Chi sono i poveri oggi?

«Sicuramente c’è una povertà economica che è sotto gli occhi di tutti: siamo in un Paese in recessione, con un’inflazione che fa aumentare i costi. Ne deriva uno stato un impoverimento economico nettissimo, considerando il fatto che gli stipendi non sono aumentati. Lo vediamo dalle richieste che ci arrivano: ci son tante persone che non riescono ad arrivare alla fine del mese, non riescono ad accedere ai servizi necessari, molti non ce la fanno a comprare il materiale scolastico per i figli e non riescono a garantire un aiuto ai bambini per i compiti. Stiamo parlando anche di famiglie di ceto medio, che prima non avevano questa difficoltà. Di conseguenza questa povertà ricade sui bambini che non possono accedere alle attività extrascolastiche e che non riescono a frequentare in modo sereno la scuola dell’obbligo».

Hai visto un aumento della povertà in questo ultimo periodo?

«Sì, l’abbiamo notato soprattutto negli ultimi mesi, da quando, lo scorso luglio, hanno interrotto gli ammortizzatori sociali per migliaia di famiglie e non sono stati sostituiti da proposte di lavoro o da altri ammortizzatori. Già dal 1° agosto abbiamo notato una caduta: alcune famiglie non riescono a pagare le bollette o l’affitto. Tanti nuclei familiari, che beneficiavano di alcuni ammortizzatori sociali, sono scivolati da uno stato di povertà alla miseria». 

Quindi la povertà come mancanza di risorse economiche per i beni necessari e primari…

«Non solo. Quello che noto è che sempre di più si sta diffondendo anche una povertà cronica psicologica: tantissime persone, a causa della pandemia e post-pandemia, hanno sviluppato la convinzione di non potersi più realizzare, di non poter più fare qualcosa, di non poter più sperare, sognare e quindi neanche si mettono in moto per provare a costruire qualcosa di migliore. 
Questa condizione, che secondo me è molto grave, non solo coinvolge il settore degli adulti, soprattutto di chi ha più di 45-50 anni, ma purtroppo colpisce anche le fasce di giovani e giovanissimi. È urgentissimo trovare delle soluzioni per aiutare queste persone a uscire da questa povertà cronica psicologica». 

Perciò bisogna uscire dalla convinzione che la povertà sia principalmente un fattore economico…

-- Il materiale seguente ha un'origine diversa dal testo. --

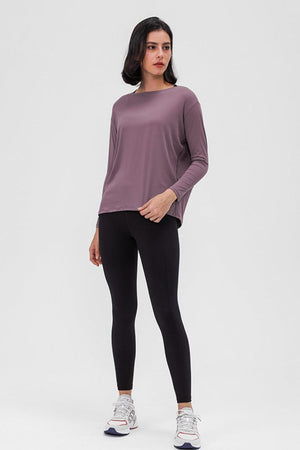 Super Soft Loose Fit Active Top - MXSTUDIO.COM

«Nell’ascolto e nella relazione di prossimità e di aiuto, soprattutto verso le persone italiane, abbiamo notato una sofferenza psicologica che è il risultato del fatto che viviamo in una società ansiogena, che porta poi a un disagio psicologico e interiore. Questa sofferenza a volte sfocia in una disfunzione psichiatrica, che a sua volta può sfociare in dipendenze patologiche. Gli approcci sociali sono insufficienti perché il Servizio Sanitario Nazionale non riesce a star al passo, mentre invece in prima linea c’è l’associazionismo italiano. Purtroppo ho letto alcune notizie di questi giorni che sottolineano ulteriori tagli al sistema sanitario nazionale».

Il quadro che tu descrivi è drammatico. Dobbiamo rassegnarci a tutto questo o possiamo fare qualcosa? 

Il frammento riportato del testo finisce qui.